Avec les années, elle construit une gamme d’aromatiques et trouve des espèces qui ont
un intérêt gustatif en cuisine. Sur 1 000 m², on trouve de tout. Des plus classiques comme la ciboulette, les différents basilics ou encore le persil en passant par des plantes aromatiques moins courantes comme la coriandre mexicaine ou vietnamienne, le shiso, la plante à goût d’huître ou encore le céleri perpétuel… Des plantes à tisanes telles que le thé d’Aubrac, la verveine citronnée ou d’Argentine, ou encore la menthe bergamote et le Jiaogulan…



Des fleurs comestibles : capucine, calendula, tagète, œillet, cosmos, bourrache, bleuet,
fuchsia et bien d’autres fleurs pour éclairer vos assiettes. Si elle ouvre ses portes aux particuliers, elle accompagne notamment le jardinier du restaurant étoilé Äponem. “Ce
sont des jardins qui sont déjà en place depuis longtemps. Mais l’environnement est très pollué par les pratiques. Tout est dépourvu de toute vie. J’ai lancé un protocole pour restructurer les sols, pour ramener la vie. C’est passionnant”.

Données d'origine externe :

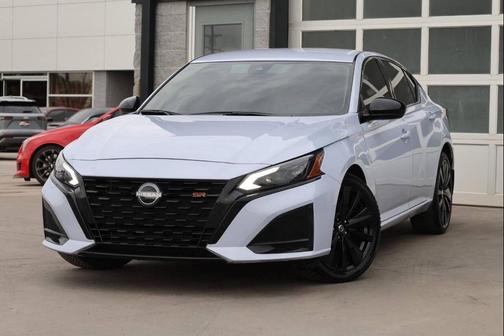 2023 Nissan Altima SR Intelligent AWD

Notre escapade s’achève déjà. Mais ces quelques heures passées en compagnie des
deux chefs à la rencontre de ces producteurs nous ont rappelé quelque chose d’essentiel : la cuisine est un art vivant, nourri par les hommes et les femmes qui, chaque jour, travaillent les produits de la terre et de la mer avec dévouement.